What is the definition "Risk" (CRM Definition)?



sect. 1 pg 3

Uncertainty that may be either positive or negative arising from a given set of circumstances.

What are four (4) broad definitions of "risk" used in "risk management"?



sect. 1 pg 2

1. Chance of probability of loss


2. Uncertainty concerning loss


3. Possibility of variation of outcomes from given set of circumstances


4. Difference between expected & actual losses

Define "expected losses".



sect. 1 pg 4

Projection of the frequency and/or severity of losses BASED ON LOSS HISTORY, probability distributions & statistics; the expected loss projection is a.k.a. "loss pic" or "loss pick"

Two types of risk



sect. 1 pg 3

1. Pure - Chance of loss or no loss
2. Speculative - Chance of loss or gain; often referred to as a "business risk"

Six general classes of risk (J.E.L.P.P.S.)



sect. 1 pg 5

Juridical-Judges, jury decision, courts or attitudes


Economic-arising from operations, economy, mkt
Legal-Statutory compliance
Political-Changes in laws/government
Physical-property, people or information


Social-P.R. damage to brand, social media

Definition of risk management



sect. 1 pg 6

It’s a process of managing exposures that affect an organization's assets & financial statements using five (5) steps: identification, analysis, control, financing and administration.

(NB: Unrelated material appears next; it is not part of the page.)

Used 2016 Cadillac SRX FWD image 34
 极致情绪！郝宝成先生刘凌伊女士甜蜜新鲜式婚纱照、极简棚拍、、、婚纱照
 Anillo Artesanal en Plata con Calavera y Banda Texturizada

Five (5) steps of the risk management process (I.A.C.F.A.)



sect. 1 pg 7

Identify
Analyze
Control
Finance
Administer

What is the focus of risk management?



sect. 1 pg 6

1. Protect the assets of the organization


2. Protect the financial statements of the organization.


They are not mutually exclusive

Explain why risk identification (identifying & examining exposures) is the most important step of the risk management process.



sect. 1 pg 9

Exposures, perils and hazards must be first ID’d if they are to be effectively managed.

ID them - Use effective methods of exposure identification
Classify them - Classify exposures

What are the four logical classifications of exposures.



sect. 1 pg 9

Property (tangible or intangible)
Human Resources (EPLI, WC)
Liability (third party, slip & fall)
Net Income (losses of assets affect this)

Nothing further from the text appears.